DATASET |

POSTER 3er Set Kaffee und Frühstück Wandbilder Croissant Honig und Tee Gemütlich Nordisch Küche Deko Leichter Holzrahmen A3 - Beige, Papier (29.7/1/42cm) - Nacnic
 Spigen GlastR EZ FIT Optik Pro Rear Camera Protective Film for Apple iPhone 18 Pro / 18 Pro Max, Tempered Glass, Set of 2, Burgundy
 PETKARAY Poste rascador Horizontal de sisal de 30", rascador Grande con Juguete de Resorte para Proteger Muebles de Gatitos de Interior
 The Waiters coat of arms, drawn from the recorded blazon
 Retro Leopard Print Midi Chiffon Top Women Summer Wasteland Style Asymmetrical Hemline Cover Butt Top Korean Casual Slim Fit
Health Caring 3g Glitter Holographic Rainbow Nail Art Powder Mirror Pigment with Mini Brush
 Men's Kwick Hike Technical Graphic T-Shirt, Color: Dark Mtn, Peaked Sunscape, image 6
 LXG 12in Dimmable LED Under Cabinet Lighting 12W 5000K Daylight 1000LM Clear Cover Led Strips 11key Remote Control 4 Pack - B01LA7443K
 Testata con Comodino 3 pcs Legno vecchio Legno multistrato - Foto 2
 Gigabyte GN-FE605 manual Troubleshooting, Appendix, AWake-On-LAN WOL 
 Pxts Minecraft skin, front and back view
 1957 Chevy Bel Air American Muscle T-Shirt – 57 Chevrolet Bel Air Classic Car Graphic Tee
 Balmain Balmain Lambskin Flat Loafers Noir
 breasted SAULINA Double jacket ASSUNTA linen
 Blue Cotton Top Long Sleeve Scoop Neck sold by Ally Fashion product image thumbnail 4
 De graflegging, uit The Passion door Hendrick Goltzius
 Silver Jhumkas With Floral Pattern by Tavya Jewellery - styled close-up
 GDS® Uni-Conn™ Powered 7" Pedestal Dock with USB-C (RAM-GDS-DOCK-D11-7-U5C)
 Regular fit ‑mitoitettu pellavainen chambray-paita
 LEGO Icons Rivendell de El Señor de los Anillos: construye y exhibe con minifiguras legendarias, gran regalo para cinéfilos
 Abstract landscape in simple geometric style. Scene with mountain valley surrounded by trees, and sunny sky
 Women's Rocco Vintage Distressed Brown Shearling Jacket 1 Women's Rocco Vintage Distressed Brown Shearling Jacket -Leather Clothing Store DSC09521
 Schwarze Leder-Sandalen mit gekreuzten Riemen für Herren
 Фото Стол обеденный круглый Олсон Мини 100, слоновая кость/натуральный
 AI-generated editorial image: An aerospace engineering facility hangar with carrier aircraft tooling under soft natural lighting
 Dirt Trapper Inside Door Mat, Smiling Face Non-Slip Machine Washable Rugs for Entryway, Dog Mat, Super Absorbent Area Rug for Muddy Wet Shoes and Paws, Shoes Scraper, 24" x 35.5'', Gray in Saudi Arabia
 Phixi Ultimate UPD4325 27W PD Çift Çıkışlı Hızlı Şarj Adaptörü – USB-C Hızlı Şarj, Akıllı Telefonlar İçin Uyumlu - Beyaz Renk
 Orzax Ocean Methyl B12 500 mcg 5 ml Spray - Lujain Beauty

TASK STATEMENT | Please return all of the entries above, exactly and completely.

SOLUTION TO THE EXERCISE |
POSTER 3er Set Kaffee und Frühstück Wandbilder Croissant Honig und Tee Gemütlich Nordisch Küche Deko Leichter Holzrahmen A3 - Beige, Papier (29.7/1/42cm) - Nacnic
 Spigen GlastR EZ FIT Optik Pro Rear Camera Protective Film for Apple iPhone 18 Pro / 18 Pro Max, Tempered Glass, Set of 2, Burgundy
 PETKARAY Poste rascador Horizontal de sisal de 30", rascador Grande con Juguete de Resorte para Proteger Muebles de Gatitos de Interior
 The Waiters coat of arms, drawn from the recorded blazon
 Retro Leopard Print Midi Chiffon Top Women Summer Wasteland Style Asymmetrical Hemline Cover Butt Top Korean Casual Slim Fit
Health Caring 3g Glitter Holographic Rainbow Nail Art Powder Mirror Pigment with Mini Brush
 Men's Kwick Hike Technical Graphic T-Shirt, Color: Dark Mtn, Peaked Sunscape, image 6
 LXG 12in Dimmable LED Under Cabinet Lighting 12W 5000K Daylight 1000LM Clear Cover Led Strips 11key Remote Control 4 Pack - B01LA7443K
 Testata con Comodino 3 pcs Legno vecchio Legno multistrato - Foto 2
 Gigabyte GN-FE605 manual Troubleshooting, Appendix, AWake-On-LAN WOL 
 Pxts Minecraft skin, front and back view
 1957 Chevy Bel Air American Muscle T-Shirt – 57 Chevrolet Bel Air Classic Car Graphic Tee
 Balmain Balmain Lambskin Flat Loafers Noir
 breasted SAULINA Double jacket ASSUNTA linen
 Blue Cotton Top Long Sleeve Scoop Neck sold by Ally Fashion product image thumbnail 4
 De graflegging, uit The Passion door Hendrick Goltzius
 Silver Jhumkas With Floral Pattern by Tavya Jewellery - styled close-up
 GDS® Uni-Conn™ Powered 7" Pedestal Dock with USB-C (RAM-GDS-DOCK-D11-7-U5C)
 Regular fit ‑mitoitettu pellavainen chambray-paita
 LEGO Icons Rivendell de El Señor de los Anillos: construye y exhibe con minifiguras legendarias, gran regalo para cinéfilos
 Abstract landscape in simple geometric style. Scene with mountain valley surrounded by trees, and sunny sky
 Women's Rocco Vintage Distressed Brown Shearling Jacket 1 Women's Rocco Vintage Distressed Brown Shearling Jacket -Leather Clothing Store DSC09521
 Schwarze Leder-Sandalen mit gekreuzten Riemen für Herren
 Фото Стол обеденный круглый Олсон Мини 100, слоновая кость/натуральный
 AI-generated editorial image: An aerospace engineering facility hangar with carrier aircraft tooling under soft natural lighting
 Dirt Trapper Inside Door Mat, Smiling Face Non-Slip Machine Washable Rugs for Entryway, Dog Mat, Super Absorbent Area Rug for Muddy Wet Shoes and Paws, Shoes Scraper, 24" x 35.5'', Gray in Saudi Arabia
 Phixi Ultimate UPD4325 27W PD Çift Çıkışlı Hızlı Şarj Adaptörü – USB-C Hızlı Şarj, Akıllı Telefonlar İçin Uyumlu - Beyaz Renk
 Orzax Ocean Methyl B12 500 mcg 5 ml Spray - Lujain Beauty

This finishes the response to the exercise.